Swedish vice-consul to Salina Cruz
- Tenure: 1910–1923
- Successor: Herman Gagstätter
- Full name: Edvard Vilhelm von Düben
- Born: 16 August 1865 Ljusne, Sweden
- Died: 4 March 1930 (aged 64) Salina Cruz, Oaxaca, Mexico
- Noble family: Düben family
- Spouse: Raymunda Sánchez
- Father: Carl Gustaf von Düben
- Mother: Amelie Westerberg

= Edvard von Düben =

Swedish baron, photographer, pharmacist and lieutenant

Edvard Vilhelm von Düben or Eden (16 August 1865 – 4 March 1930) was a Swedish consul, pharmacist, lieutenant and photographer.

== Early life ==
Edvard von Düben was born on 16 August 1865, in Ljusne, Sweden, into the Düben family. His parents were Amelie and Carl Gustaf Wilhelm von Düben. He was the grandson of Anders Gustaf von Düben and the youngest of their four children. He lived in Landskrona before leaving Sweden, where his family hosted the famous Swedish author Selma Lagerlöf at Storgatan 10.

== Career ==
In the 19th century, Düben established a photography enterprise in Landskrona, Scania. He later became a lieutenant in the Brazilian army and operated a book-printing venture in Sorocaba, São Paulo.
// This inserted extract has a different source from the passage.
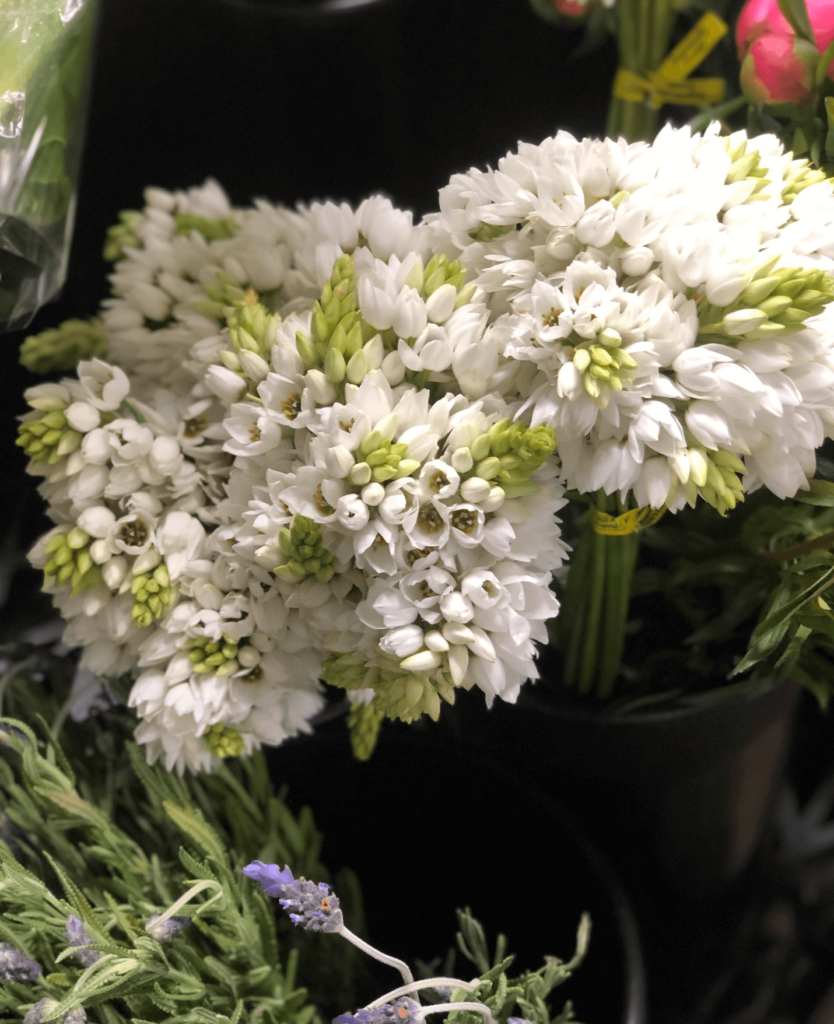 Illinois, Chicago – Bill Doran Company, Wholesale Florist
Following his time in Brazil, Düben journeyed to Mexico where he set up chemical-technical enterprise. This business thrived initially in Salina Cruz and later in San Jerónimo, Oaxaca. Düben was appointed as the Swedish vice-consul in Salina Cruz in 1910.

In 1917, he married with Raymunda Sánchez.